Con el primer hijo estás todo el rato pendiente de comprobar si respira, con el tercero te relajas muchísimo más. En mi caso, además, no pude disfrutar de una baja maternal en condiciones, ya que soy autónoma. Eso sí, podía estar en casa trabajando lo cual simplificó mucho las cosas. Eso y no soltar el pañuelo de porteo, para mí, el megainvento para madres-mujeres-orquesta.
Cuestiones de intendencia de lado, recuerdo que la sensación de seguridad a la hora de atender a mi recién nacido fue inmensamente mayor que con la primera. No tenía dudas ni agobios, pero si había gases. De manera inesperada, me vi con mucha más paciencia con este hijo que con la primera, además de saber calmar los llantos de una manera mucho más “profesional”.
Aunque procuro tener una rutina con él, soy menos estricta a la hora de cumplirla y no me agobio con el tema de las comidas. Salvo en las revisiones con su pediatra, no me obsesioné con la báscula. Ver cómo le iban quedando pequeños los bodies era más que suficiente para saber que estaba creciendo de maravilla.

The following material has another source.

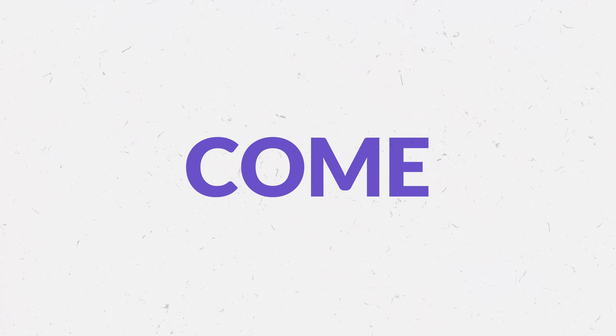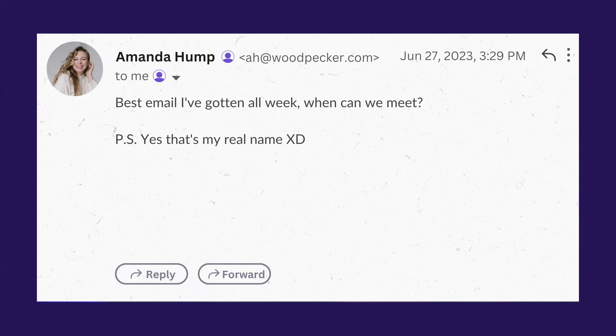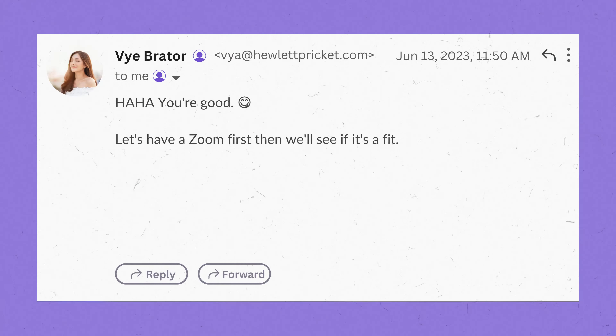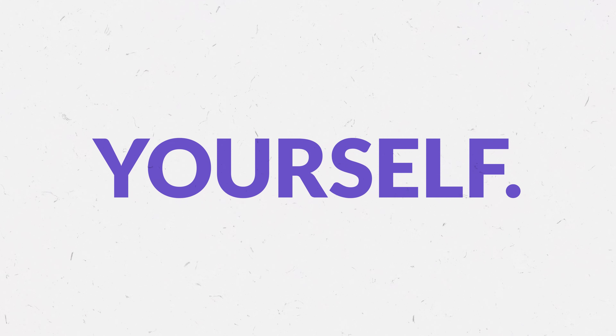There's also a dashboard to show how far you've come and how you can do better. Try out Lavender today — it's free. Then you can write cold emails that get replies like these. Did you get all that? No? Don't worry. Hit the install button. See it for yourself.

Ahora, que tiene cuatro años, reconozco que soy más “abuela” que madre con él. Que es el más mimado de la casa, por ser el más pequeño y por ser autista. En general creo que son muchas más las ventajas que los inconvenientes. Me siento mucho más rejuvenecida. Es más, después de dar a luz al tercer, y a pesar de que no engordé nada más que ocho kilos, me puse a dieta y bajé 17. Es decir, me entró una especie de ganas de sentirme de nuevo con 30 años. Ser mamá de un bebé siempre rejuvenece y, no sé si en esto hay una explicación científica (aunque sí de abuelas), lo cierto es que tanto en el embarazo como en el puerperio (que disfruté como el que más), me puse guapísima.
Como es mi primer “chico” estoy disfrutando su mamitis de una manera muy diferente a la que sentí o siento con las niñas, que ya tienen 11 y nueve años.
Poco más que añadir, salvo decir que tener hijos es siempre una bendición. Siento la cursilería, pero así lo siento. Si no fuera porque empecé tarde y los hijos cuestan dinero, hubiera tenido hasta cinco, lo digo en serio. Los bebés son un regalo que la vida nos da y en cada uno de ellos siempre reside la esperanza de mejorar, aunque sea solo un poquito, el mundo. Me encantan los bebés, me parecen los seres humanos más adorables de la tierra, son un ansiolítico maravilloso (menos cuando berrean, claro). Así que, mis mejores deseos de que todo vaya bien y ¡muchas felicidades!